Verfasst: Do 29. Nov 2018, 08:50
von Rati
MeinNameistHASE hat geschrieben:...Auf die Reaktionen bin ich gespannt...
Beitrag zurückgenommen, war blödsinn. :rot:

Re: Wölfe

Verfasst: Do 29. Nov 2018, 09:11
von ohne_Furcht_und_Adel
55-jähriger Arbeiter der Gemeinde Bülstedt im Landkreis Rotenburg während der Pflege der Grünanlage am Friedhof in Steinfeld von einem Wolf gebissen
Hatte ich auch vorhin gelesen. Diese Frech"dachse", die haben wohl keinen Respekt mehr vor Gärtnern und noch nie eine Aluschaufel abbekommen! Wenn mir das bei der kommunalen Grünpflege mal unterkommt und ich habe zufällig ein Werkzeug zur Hand, z.B. einen Hammer beim Zaunbau, dann junkt aber einer.
Im Falle "des Wolfes" scheint es mir so zu sein, dass der Gegensatz zweier Auffassungen von der selben Sache schwer zu vereinbaren sind:
Hier der Nutztierhalter, der sein Gut vor Verderb schützen will, wie das schon seit jeher üblich und richtig war.
Dort der naturfern lebende Stadtmensch mit einem idealistisch-verklärenden Weltbild, in welchem wie beim Paradies der Zeugen Jehovas alle Lebewesen immerfort friedlich nebeneinander leben.
Im Falle der normalen Selbstversorger sieht das so aus, daß man plündernde Tauben oder Wühlmäuse und Hühner schlagende Habichte verjagen oder anders vorübergehend loswerden will, aber natürlich räumt man diesen Arten ihr Daseinsrecht ein! Ich wäre alarmiert, wenn der Fuchs bei mir Hühner holen würde und würde alle möglichen Gegenmaßnahmen erwägen. Trotzdem hat es mich bestürzt, als ich mit dem Auto ein paar Straßen weiter einen Fuchskadaver umfahren mußte. Mein Nachbar hat tatsächlich Verluste durch den Habicht, aber sein Haß auf die Art betrifft nur die direkte Umgebung seiner Hühner. Ich glaube nicht, daß er z.b. in seinem Brennholzwald Giftköder auslegt, damit so was ja nie wieder vorkommt.

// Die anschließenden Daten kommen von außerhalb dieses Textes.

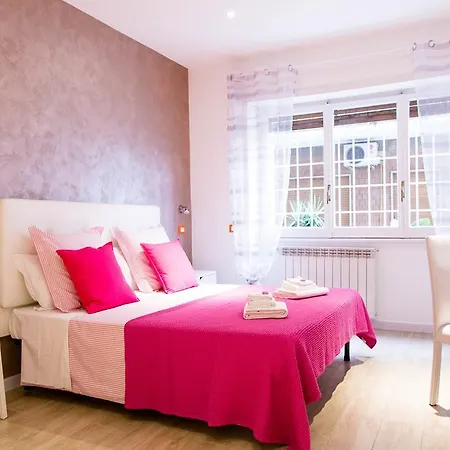 Bed and Breakfast Domus Casaletto 4*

Der Wolf muß sich ja Beute suchen (klar, außer im Paradies der Zeugen Jehovas, aber wir leben ja noch), aber ihm muß in einer ihm verständlichen "Sprache" klargemacht werden, daß das in Umgebung des Menschen eigentlich zu gefährlich ist. Wenn der Druck auf die Nutztiere aufgrund zu vieler Rudel dann immer noch zu hoch ist, muß der Bestand halt reguliert werden. Möglicherweise wird man in bestimmten Gebieten festlegen, daß sie zu intensiv durch Mensch und Vieh genutzt werden, als daß man dort ein Rudel tolerieren könnte; regelmäßige Zusammenstöße wären vorprogrammiert. Wahrscheinlich wird es aber auch Wolfs- Schutzgebiete geben, die als voll geeignet für die dauerhafte Ansiedlung des Wolfs gelten oder dazu entwickelt werden. Die Schäfer in abgelegenen Gegenden werden in jedem Fall das Recht bekommen müssen, Wölfe selbständig abzuwehren. Nachts kommen die Tiere in den Stall, wenn keine geeigneten Schutzhunde zur Hand sind.

Re: Wölfe

Verfasst: Do 29. Nov 2018, 09:13
von Rati
Wenn es ein Wolf war, was ja laut Aussage des Mannes sehr wahrscheinlich ist, muß er/sie natürlich getötet werden.
@ ohne_ Furcht _und_ Adel, :daumen: aber der Frechdachsscherz wird wohl zum Shitstorm führen.